*YOUR OBJECTIVE*: Filter the entries down to the lines holding "Abstract", then copy those lines.

*RECORDS SUPPLIED*:
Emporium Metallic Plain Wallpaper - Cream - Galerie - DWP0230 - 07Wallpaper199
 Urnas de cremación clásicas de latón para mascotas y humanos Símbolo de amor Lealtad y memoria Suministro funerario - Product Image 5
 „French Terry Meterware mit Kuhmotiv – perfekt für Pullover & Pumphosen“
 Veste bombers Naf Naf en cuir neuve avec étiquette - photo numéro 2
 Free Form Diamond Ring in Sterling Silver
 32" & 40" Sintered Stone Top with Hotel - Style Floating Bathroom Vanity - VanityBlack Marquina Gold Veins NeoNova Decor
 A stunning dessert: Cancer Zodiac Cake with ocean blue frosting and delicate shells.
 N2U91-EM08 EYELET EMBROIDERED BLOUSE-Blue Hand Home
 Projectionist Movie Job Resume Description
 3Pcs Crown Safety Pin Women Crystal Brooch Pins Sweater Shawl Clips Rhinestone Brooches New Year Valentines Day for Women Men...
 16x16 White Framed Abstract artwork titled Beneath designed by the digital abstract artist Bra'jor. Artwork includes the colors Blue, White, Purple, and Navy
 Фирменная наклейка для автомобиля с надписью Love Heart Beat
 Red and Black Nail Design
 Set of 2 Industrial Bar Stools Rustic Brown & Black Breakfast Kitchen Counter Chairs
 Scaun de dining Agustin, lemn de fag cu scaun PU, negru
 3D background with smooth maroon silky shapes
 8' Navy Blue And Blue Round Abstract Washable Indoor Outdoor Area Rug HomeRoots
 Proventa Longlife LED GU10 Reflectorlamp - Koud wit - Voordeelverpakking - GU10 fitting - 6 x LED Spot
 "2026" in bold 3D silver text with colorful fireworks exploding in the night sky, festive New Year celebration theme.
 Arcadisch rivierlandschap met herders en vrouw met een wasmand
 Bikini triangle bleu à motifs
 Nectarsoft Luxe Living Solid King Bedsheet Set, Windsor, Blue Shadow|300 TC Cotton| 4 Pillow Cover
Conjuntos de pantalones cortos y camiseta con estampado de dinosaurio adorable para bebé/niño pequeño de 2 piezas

*EXERCISE OUTPUT*:
 16x16 White Framed Abstract artwork titled Beneath designed by the digital abstract artist Bra'jor. Artwork includes the colors Blue, White, Purple, and Navy
 8' Navy Blue And Blue Round Abstract Washable Indoor Outdoor Area Rug HomeRoots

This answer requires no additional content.